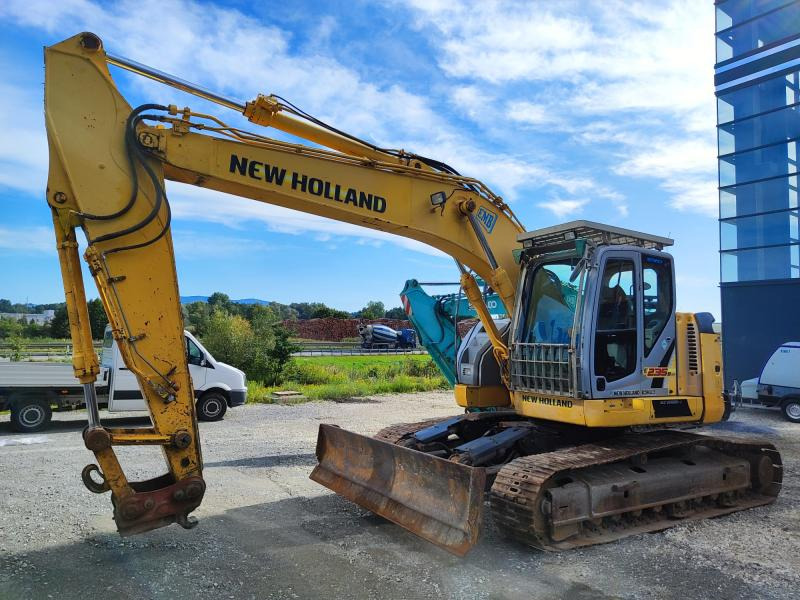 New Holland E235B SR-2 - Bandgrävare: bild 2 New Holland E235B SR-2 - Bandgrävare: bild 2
---
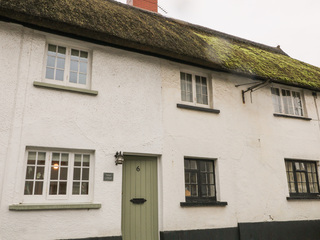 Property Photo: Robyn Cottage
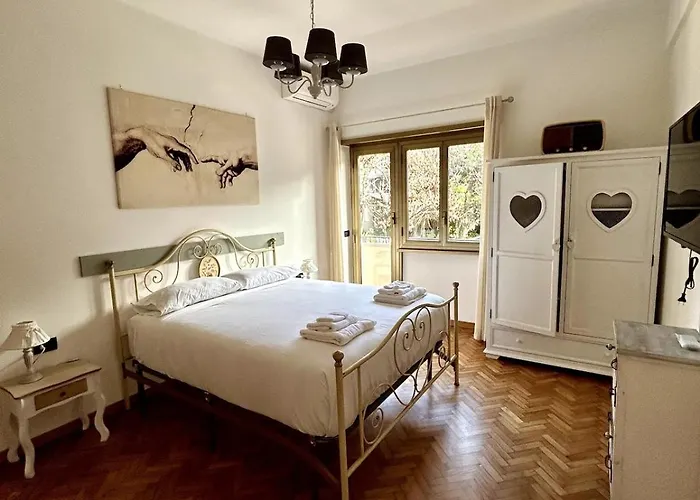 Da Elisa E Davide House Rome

▶ **TASK BRIEF**
Excluding any pictures, print exactly the lines of the listing above from the line with "Property Photo: Robyn Cottage" to the line with "Da Elisa E Davide House Rome", both ends included.

▶ **EXERCISE RESULT**
 Property Photo: Robyn Cottage
 Da Elisa E Davide House Rome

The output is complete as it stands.